I wonder, however, if the analogy of the horse and jockey, of emotion and reason, helps us as lawyers as well. Our training tells us, and the courtroom procedures are built on the belief that, people arrive at decisions using only their intellect. Consider the judge instructing the jury to “disregard” certain testimony, as if their intellect could simply erase that factor from their purely rational analysis. Isn’t that indicative of a system that pretends the “jockey” is alone, that the “horse” is simply ignored by rational people? Isn’t that naive, however, to believe that emotion won’t play a part or that the jury will simply disregard the witnesses’ mention of something that wasn’t supposed to come up?
Don’t we, as people, arrive at decisions on the horse of emotion and then justify our arrival as if we got there rationally? Don’t we get there on the horse and then, once we’re there, pretend our emotions weren’t the driving force?
4 comments:
Have you finished the book? Gonzales says we need a balance of horse and jockey. All intellect and no emotion will kill us as surely as the inverse.
Incidentally, I think Gonzales's horse and rider are parallel to Spence's: Humanness / emotion versus technique / intellect.
Mr. Bennett is right. I would like to read the book. You are both superior in your book reading and review of books.

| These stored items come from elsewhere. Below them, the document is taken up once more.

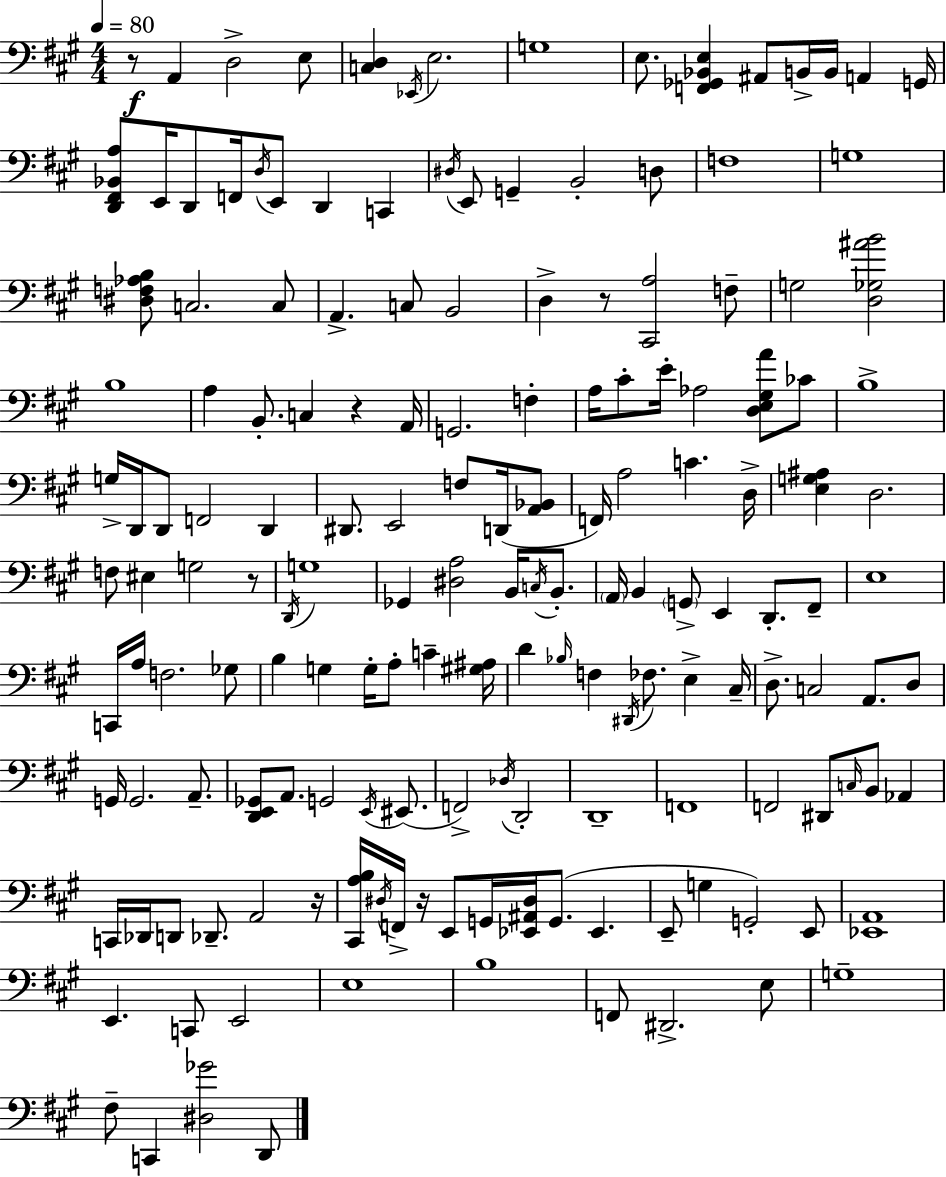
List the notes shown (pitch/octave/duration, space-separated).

R/e A2/q D3/h E3/e [C3,D3]/q Eb2/s E3/h. G3/w E3/e. [F2,Gb2,Bb2,E3]/q A#2/e B2/s B2/s A2/q G2/s [D2,F#2,Bb2,A3]/e E2/s D2/e F2/s D3/s E2/e D2/q C2/q D#3/s E2/e G2/q B2/h D3/e F3/w G3/w [D#3,F3,Ab3,B3]/e C3/h. C3/e A2/q. C3/e B2/h D3/q R/e [C#2,A3]/h F3/e G3/h [D3,Gb3,A#4,B4]/h B3/w A3/q B2/e. C3/q R/q A2/s G2/h. F3/q A3/s C#4/e E4/s Ab3/h [D3,E3,G#3,A4]/e CES4/e B3/w G3/s D2/s D2/e F2/h D2/q D#2/e. E2/h F3/e D2/s [A2,Bb2]/e F2/s A3/h C4/q. D3/s [E3,G3,A#3]/q D3/h. F3/e EIS3/q G3/h R/e D2/s G3/w Gb2/q [D#3,A3]/h B2/s C3/s B2/e. A2/s B2/q G2/e E2/q D2/e. F#2/e E3/w C2/s A3/s F3/h. Gb3/e B3/q G3/q G3/s A3/e C4/q [G#3,A#3]/s D4/q Bb3/s F3/q D#2/s FES3/e. E3/q C#3/s D3/e. C3/h A2/e. D3/e G2/s G2/h. A2/e. [D2,E2,Gb2]/e A2/e. G2/h E2/s EIS2/e. F2/h Db3/s D2/h D2/w F2/w F2/h D#2/e C3/s B2/e Ab2/q C2/s Db2/s D2/e Db2/e. A2/h R/s [C#2,A3,B3]/s D#3/s F2/s R/s E2/e G2/s [Eb2,A#2,D#3]/s G2/e. Eb2/q. E2/e G3/q G2/h E2/e [Eb2,A2]/w E2/q. C2/e E2/h E3/w B3/w F2/e D#2/h. E3/e G3/w F#3/e C2/q [D#3,Gb4]/h D2/e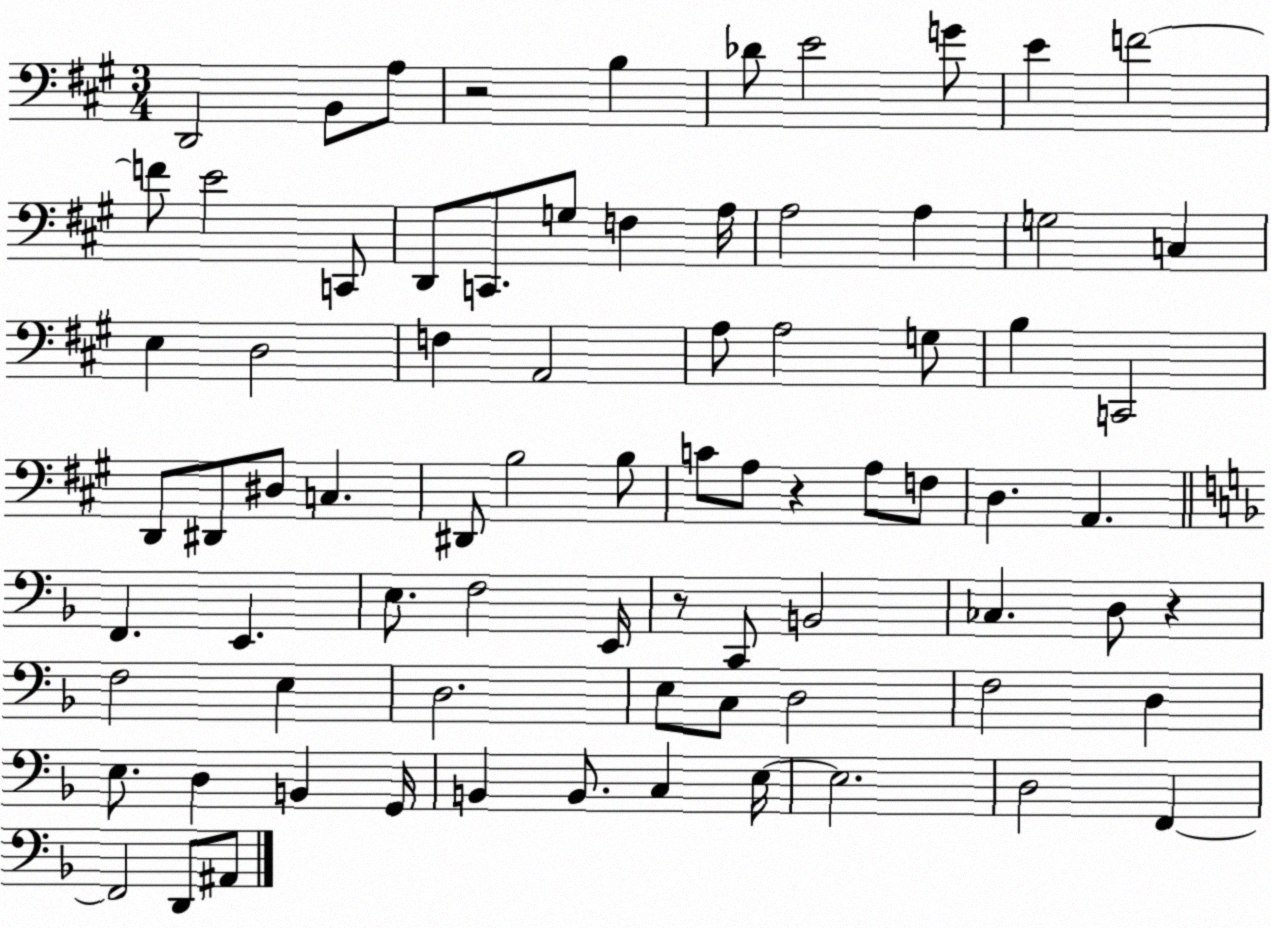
X:1
T:Untitled
M:3/4
L:1/4
K:A
D,,2 B,,/2 A,/2 z2 B, _D/2 E2 G/2 E F2 F/2 E2 C,,/2 D,,/2 C,,/2 G,/2 F, A,/4 A,2 A, G,2 C, E, D,2 F, A,,2 A,/2 A,2 G,/2 B, C,,2 D,,/2 ^D,,/2 ^D,/2 C, ^D,,/2 B,2 B,/2 C/2 A,/2 z A,/2 F,/2 D, A,, F,, E,, E,/2 F,2 E,,/4 z/2 C,,/2 B,,2 _C, D,/2 z F,2 E, D,2 E,/2 C,/2 D,2 F,2 D, E,/2 D, B,, G,,/4 B,, B,,/2 C, E,/4 E,2 D,2 F,, F,,2 D,,/2 ^A,,/2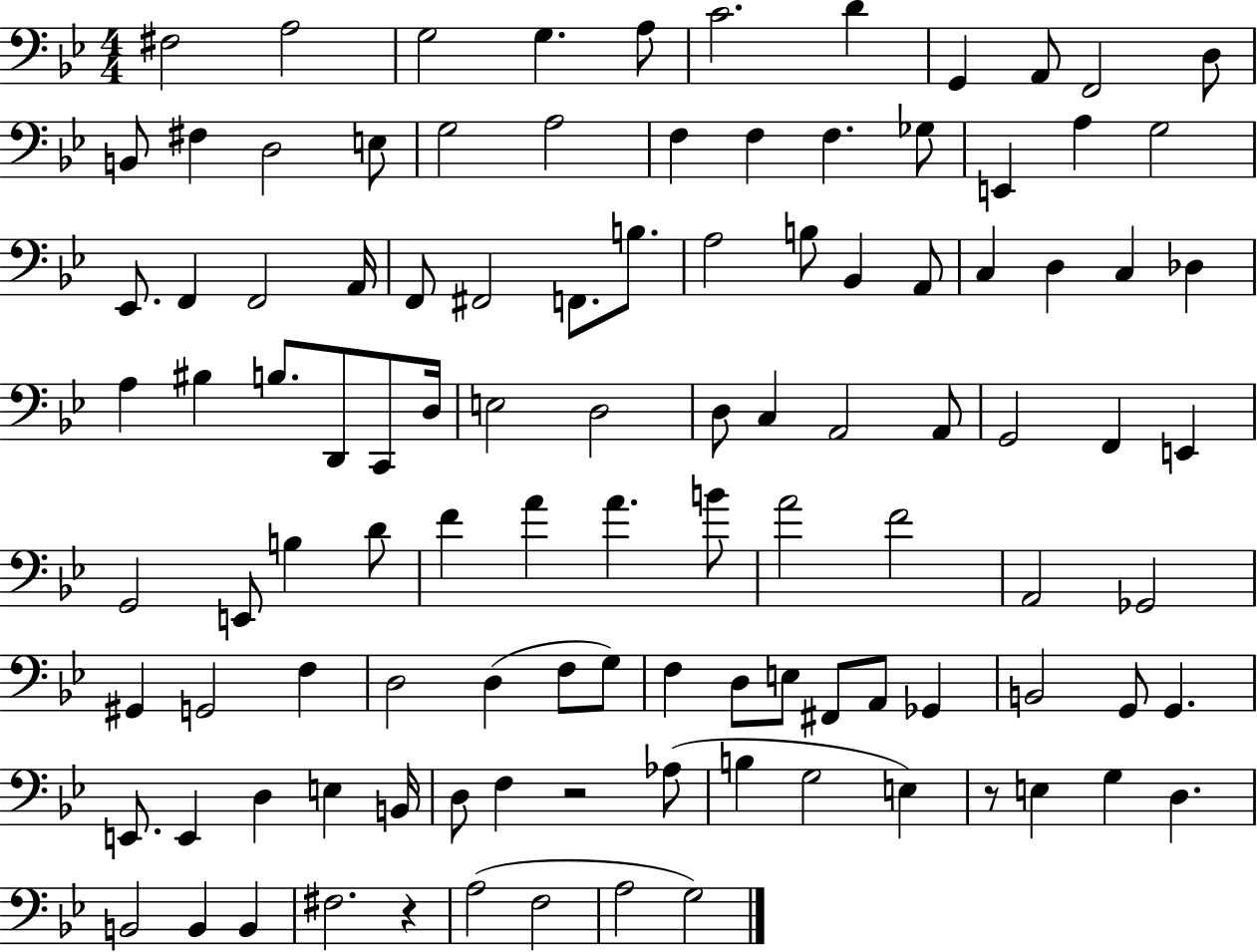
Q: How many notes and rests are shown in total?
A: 108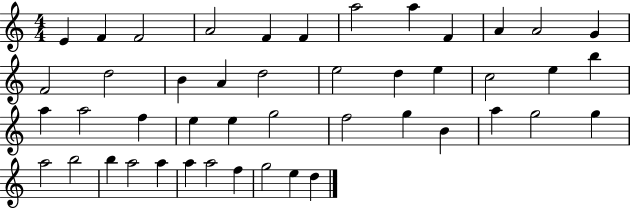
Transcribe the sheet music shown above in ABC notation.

X:1
T:Untitled
M:4/4
L:1/4
K:C
E F F2 A2 F F a2 a F A A2 G F2 d2 B A d2 e2 d e c2 e b a a2 f e e g2 f2 g B a g2 g a2 b2 b a2 a a a2 f g2 e d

My experience has been that prosecutors like to try to inflame the passions of the jury or to get them angry. Some prosecutors are "angry" and emotional and upset. They say things like "send a message" to the defendant. That is not one of the juries duties according to the jury instructions.
The jury instructions say make a reasoned judgment free of sympathy and prejudice. Obviously, people are human and a judgement without some human emotion might be inhuman but a run-away mob lynching is also not a good thing. I guess there should be some balance. A reasoned judgement free of prejudice and sympathy according to the instructions.
Mark-
I probably didn't make clear that Gonzales stresses balance as the way to survive. Remember STOP? (stop, think, observe, plan. I think he says later that it should be Stop, Observe, Think, and Plan, but that isn't quite easy to remember)
I think lawyers rarely need to be reminded to use their intellects as almost all our training pushes this, but I guess the test is to balance the two when it counts, to fall back on your training and balance horse and jockey.
I think of your analogy about having your head bounce down the temple steps if you're too focused on the thinking and not being in the moment.
Glen, your comment reminds me of Scout in To Kill a Mockingbird, who sends the mob home after asking one man, "Tell cecil I said, "hey."
It also reminds me of the quote she put it at the beginning of the book: "Lawyers, I suppose, were children once."
I think that's what Spence's training tells us. If we're as credible as a child we can overcome the mob. If we manage our own "horses", but still let them run free, being managed but not held back by the intellects, the result can be incredible.
However, it's easier said than done. Kind of like being "in the moment."